Des terres rouges au pays des constructions blanches
Amandiers, oliviers, vignes et plantes maraîchères... constituent les principales ressources agricoles de ce territoire insulaire. Des cultures en terrasses ou en pleine terre dans les vallées de l'intérieur. Des terres souvent d'une teinte rouge particulièrement soutenue.
Quelques puits surmontés de tours et d' éoliennes (lorsqu'elles ne pas hors d'usage à l'image de celle de ma photo !) contribuent par endroits à l'irrigation des cultures. On est en terre méditerranéenne et les étés sont particulièrement secs... cela réjouit bien sûr les vacanciers mais pas vraiment les agriculteurs qui, soit dit en passant, sont de plus en plus rares sur l'île... Travailler dans le secteur du tourisme attire désormais beaucoup plus les jeunes générations, c'est ainsi.
La terre rouge, on la rencontre aussi au bord du littoral, le long de certaines « cala » comme on l'a vu auparavant ou encore en haut de ces vertigineuses falaises de l'ouest d' Ibiza. Arrivé là au hasard d'une route tortueuse, ce point de vue grandiose avec en point fort cette colonne de pierre a immanquablement attiré mon objectif photo.
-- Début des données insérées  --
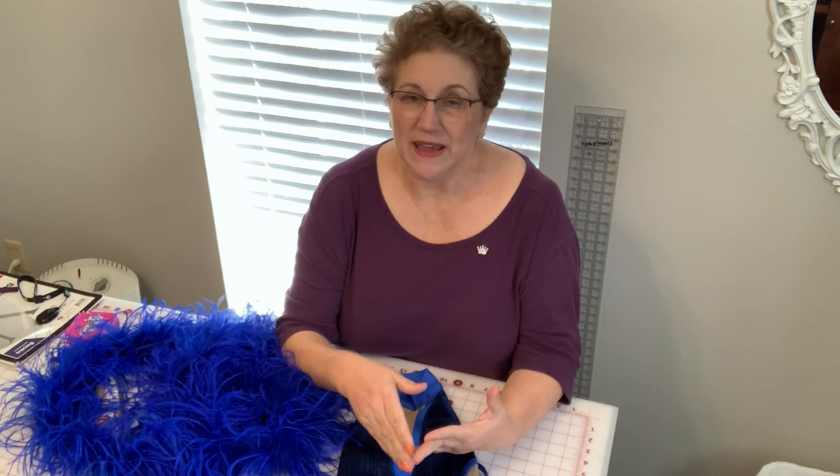Hi, I'm Gay Lynn. I'm the Rhinestone Queen. Whether you have a leotard that you buy, make yourself, or have someone make for you, you can turn a leotard into a costume just by attaching elements to it.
Sous un autre angle, le monument naturel paraît presque penché. Au sol, des dizaines de cœurs ont été peints (en rouge) sur les rochers, le lieu doit être un rendez-vous pour les amoureux et certainement y faire un vœux est y bienvenu.
Qui s'y frotte s'y pique mais qui observe contemple...
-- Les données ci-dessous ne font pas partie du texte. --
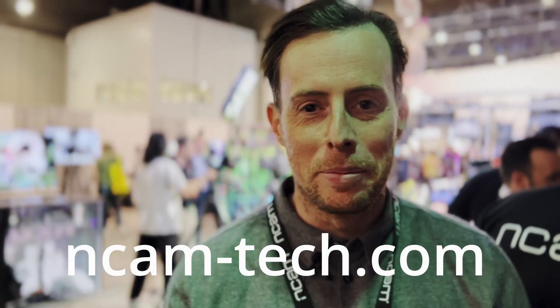If you want any more information, look us up on the website: ncamtech.com. Come check us out.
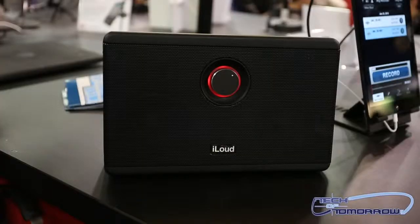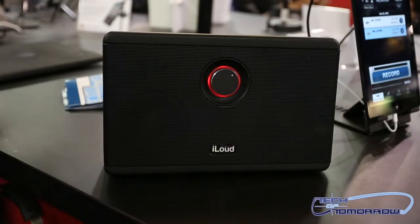This is the iLoud, the big brother, and it comes with 40 watts of power — so it's loud. It runs on a rechargeable lithium-ion battery or you can use a DC power adapter. It's more like a studio monitor with a flat frequency response, so it's made for musicians.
Lors d'un premier passage, j'avais remarqué ce lieu d'un genre particulier, mi- jardinerie, mi- galerie d'Art. Aussi, lors d'un second passage nous n'avons pas résisté, nous nous y sommes donc arrêtés. A Lombribiza, au bord d'une petite route en direction de Es Cubells, les cactus ont inspiré des artistes, leurs sculptures métalliques se mêlent tout en harmonie avec les cactées et les plantes grasses.
De véritables massifs de cactus ornent l'entrée de cette jardinerie spécialisée. Certains sont en fleurs d'autres sont recouverts d'épines dont il vaut mieux s'éloigner. Dominant l'ensemble, il y en a un qui a l'aspect d'un arbre dressant ses branches, enfin ses tiges, vers le ciel. La propriétaire, très accueillante, n'hésite pas à partager ses connaissances, c'est une passionnée. Elle parle français ce qui facilite les échanges. « Le plus grand cactus... il a près de 35 ans ! » me renseigne t-elle avec précision et d'évoquer par la suite la floraison de ces plantes cactées. « Certaines sont éphémères et fanent après une brève journée de floraison... Le climat méditerranéen des Baléares convient idéalement à toutes ces espèces ».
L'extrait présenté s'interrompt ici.